Recruiting Appointments: Forget Showing Your Value & Do This Instead
How many times have you heard a speaker or coach say you must “show your value”?
The phrase belongs right up there with “disruption”, “technology platform”, and “shift” as the buzzwords du jour of the real estate industry.
Lost an agent to a discounter?
You didn’t show your value.
Potential recruit decides to stay put instead of joining your company?
You guessed it…
You didn’t show your value.
But the truth is, agents don’t care about being shown value.
I mean, has a prospect ever sat across from you in a recruiting appointment and asked, “would you mind showing me your value?”
Of course not.
Because agents care about the problems they want fixed and the dreams they want fulfilled.
The question in the back of their minds is, “how can you help me?”
Yet consider the phrasing of “show your value” for a minute.

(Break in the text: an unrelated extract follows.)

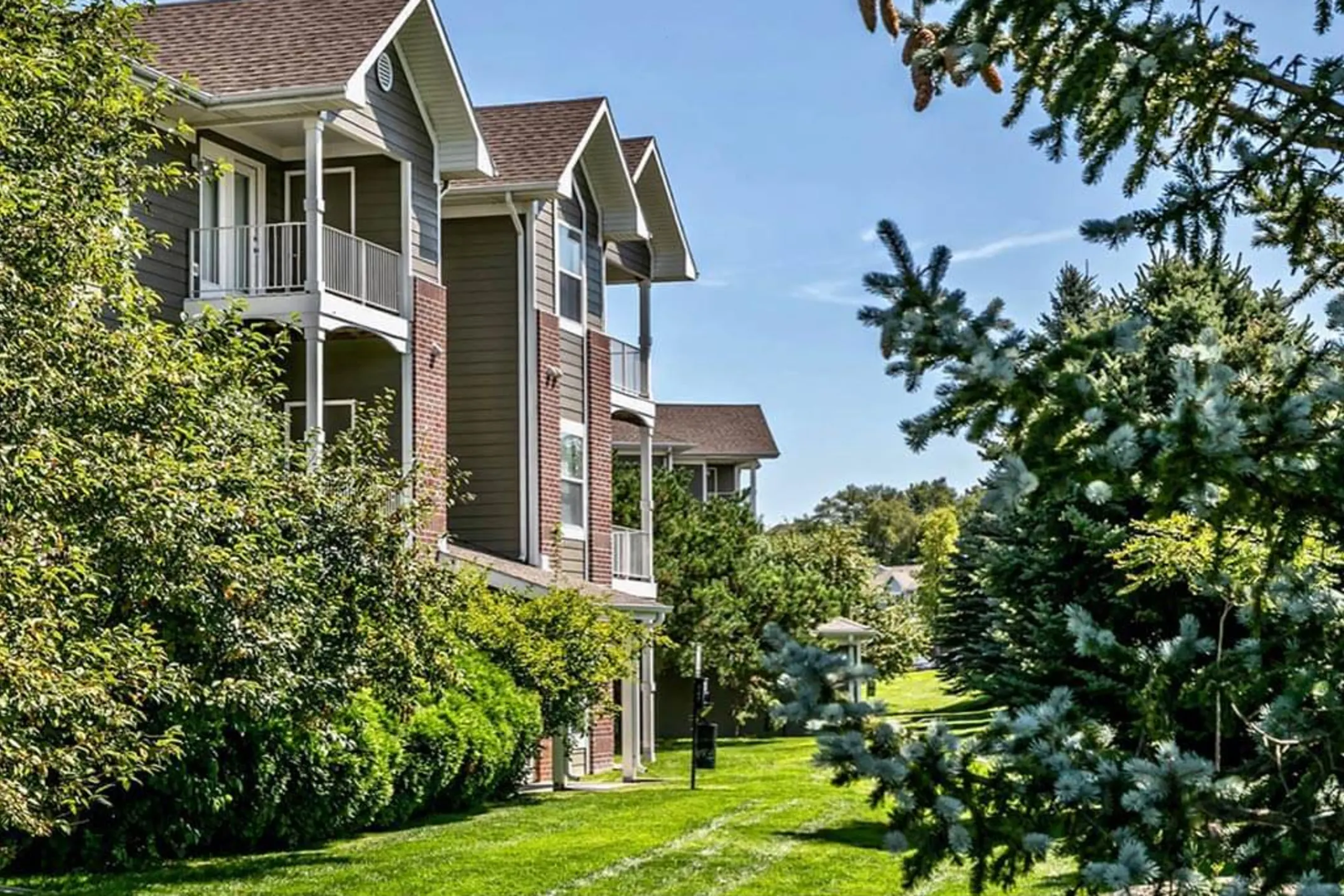 The Vue at Bellevue Apartments Bellevue, NE 68123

It puts the emphasis on you, the broker.
It implies the path to a successful hire is paved with explanations of features and benefits.
And while that’s partially true, it also ignores one critical point…
What’s important to the agent?
What are the problems the agent wants fixed and what are the dreams the agent wants fulfilled?
One of the biggest mistakes I see brokers make in recruiting appointments is too much talking and not enough listening.
The brokers believe in what they offer, they want to show value, and so they fire away with every product, service, feature, and benefit in their arsenal.
If you think this might describe you, allow me to give you one piece of advice…
Forget showing value and focus instead on figuring out what agents want.
Ask questions. Lots of them.
Ask until you’re 100% sure you know their unfixed problems and unfulfilled dreams.
Then show them how you can help them.
If you change the focus of your recruiting appointments from “Here’s what I offer!” to “What do you want?”, you’ll hire more agents.
Drew
P.S. - I want to make a distinction between “showing your value” and “selling on value”.
Selling on value means your focus is on something other than price. And that’s a good thing.
Selling on price alone is difficult because, by definition, only one brokerage can be the cheapest in town.